## Data shown
■ ■ ■ ■

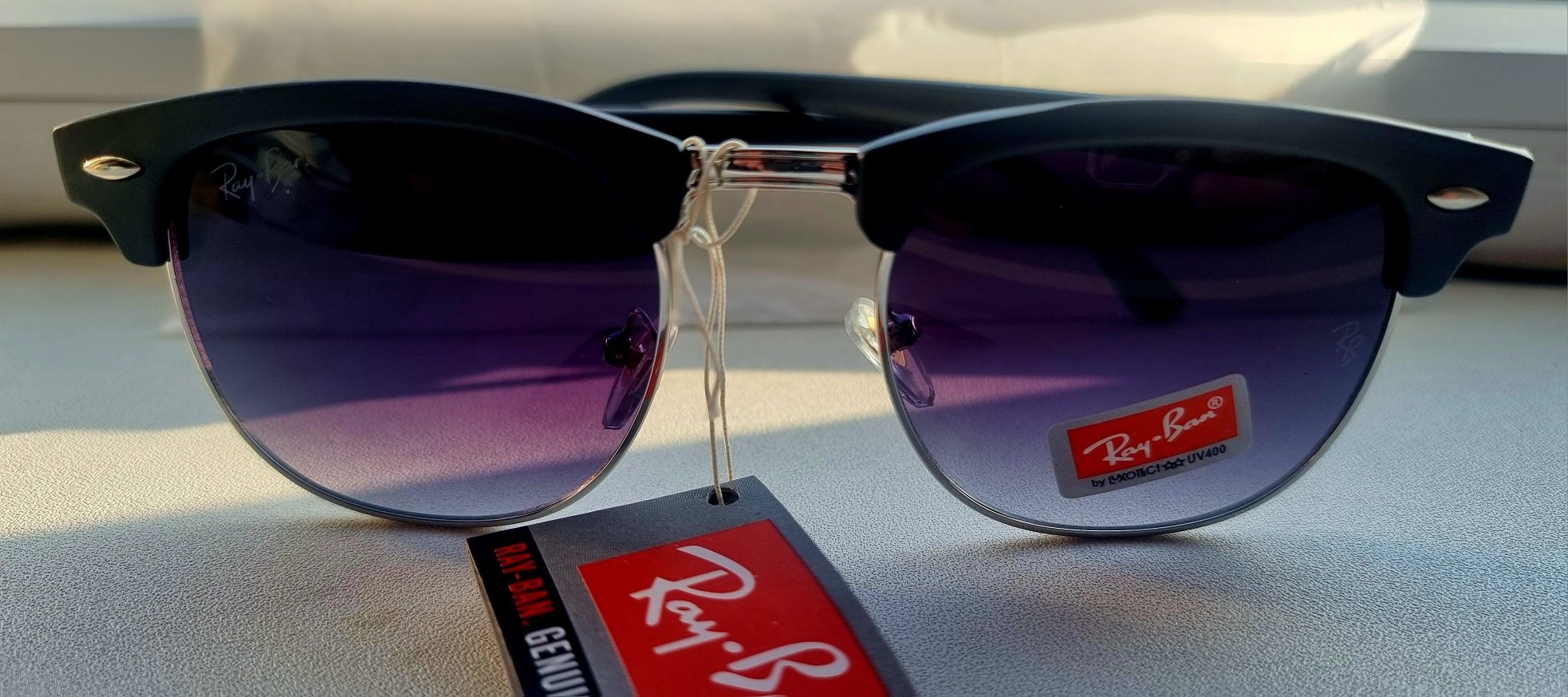 RayBan Clubmaster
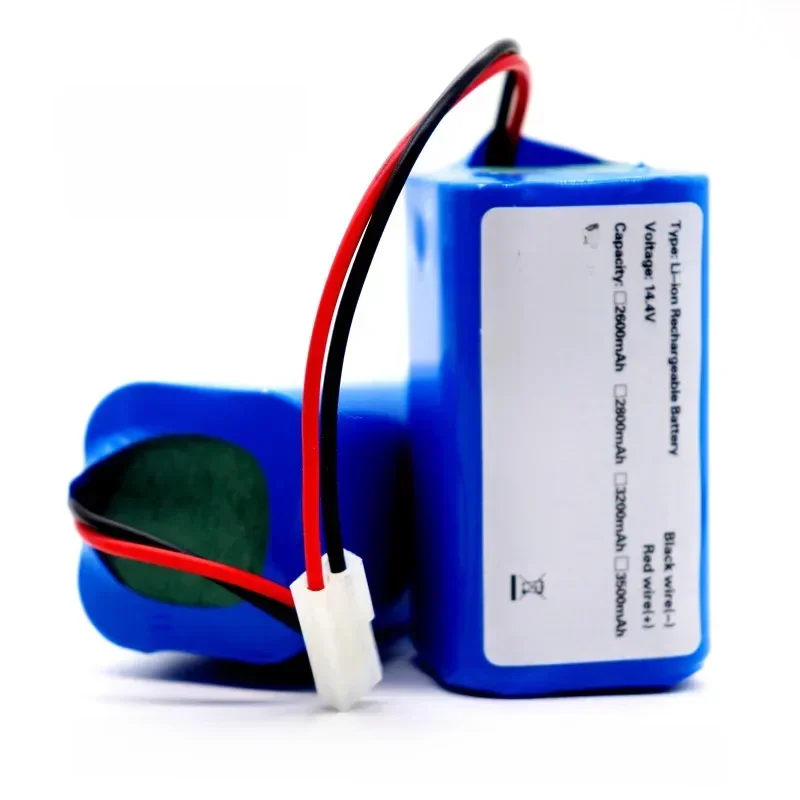 Akumulator 14.8V 2600mAh 18650 do Xiaomi Mi Robot Vacuum-mop Essential (MJSTG1) Robot Vacuum 14.4V Xiaomi G1 — zdjęcie produktu 7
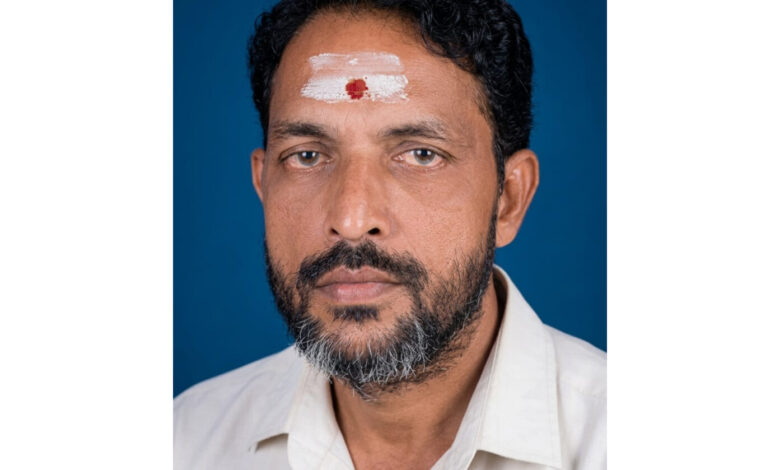 Photo of കവി ശ്രീനിലയം സുകുമാര രാജാ സ്‌മൃതി കാവ്യരചനാ പുരസ്ക്കാരം : കവിതകൾ ക്ഷണിച്ചു.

■ ■ ■ ■

## Your objective
Pictures are to be left out; all other data must be returned exactly.

## Solution
 RayBan Clubmaster
 Akumulator 14.8V 2600mAh 18650 do Xiaomi Mi Robot Vacuum-mop Essential (MJSTG1) Robot Vacuum 14.4V Xiaomi G1 — zdjęcie produktu 7
 Photo of കവി ശ്രീനിലയം സുകുമാര രാജാ സ്‌മൃതി കാവ്യരചനാ പുരസ്ക്കാരം : കവിതകൾ ക്ഷണിച്ചു.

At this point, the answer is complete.